Freelance writer Jocasta Morrison discusses the importance of dressing well for an interview...
"75% of employers agreed that one of the top interview mistakes is inappropriate attire, according to a survey conducted by Adecco. There are several factors that come into play when an employer makes a hiring decision, but how you present yourself through dress speaks volumes. This is why it is so important to research the company dress code so you don’t make an interview faux pas.
“Freelance writer Jocasta Morrison, is back with her thoughts on Interview Attire...“
Company dress codes are established as a guide for employees. The dress code can range from casual to business casual to formal, depending on the company culture and the customers it serves. However, as millennials continue to enter the workforce, even big firms are choosing to dial back the formal dress code to remain competitive in their recruitment efforts. Business casual is now becoming the standard dress code for most organisations, allowing for more flexibility in your Monday to Friday wardrobe.
So, What is Business Casual?
Business casual can be defined as a hybrid between formal and casual. Although formal suits aren’t necessary for a business casual environment, jeans and t-shirts are still inappropriate. So, what would be appropriate?
The business casual concept is broad. The best way to determine what would work for your interview would be to use your resources. Washington based stylist, Alison Gary, suggests using Google to find images of current employees before your interview. Being able to get a visual of what your future coworkers are wearing gives you better insight into the company’s culture and style.
How to Do It Right
It can be exciting to know you can mix up your work style now more than ever. But getting that perfect mesh of relaxed and dressed up can be tricky. When it comes to your interview, err on the conservative, dressier side. Likely, you’ll find that traditional colours are still favoured; black, grey, navy blue, brown, ivory white or taupe. Don’t go for anything that can distract the employer from the actual interview such as noisy jewellery, wacky patterns, and clothing that is skin tight. Instead, try going for accessories that make a subtle statement and toned down, yet unique designs.
Essential pieces include classic blazers, stylish blouses and, button-down shirts, well-fitting pants, and a sweater. Begin with neutral colors and avoid bold statement pieces that can’t be re-worn as often. Stocking your closet with mix and match options gives you a greater variety for everyday wear.

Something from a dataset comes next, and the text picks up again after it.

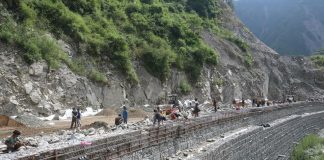 यस्तो बन्यो काठमाडौं तराई मधेश द्रुतमार्ग (फोटोफिचर)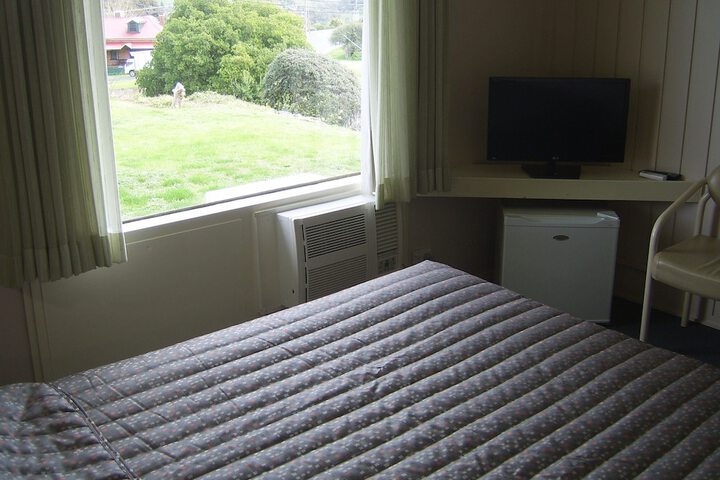 Room 6 of 87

“When choosing an outfit for the interview, remember, when you look good, you feel good,” Diane Gottsman, etiquette expert and founder of the Protocol School of Texas told the New York Times. “Use your wardrobe choices to give an extra boost of self-confidence.”
Better Safe Than Sorry
Though business casual allows you to express yourself more freely, the interview is not a casting call for models. Make time to understand the dress code put in place and do your research to determine the most appropriate interview attire. If you’re unsure whether your outfit would be well-received on a first meeting basis, go with a more formal look. Better safe than sorry, right?"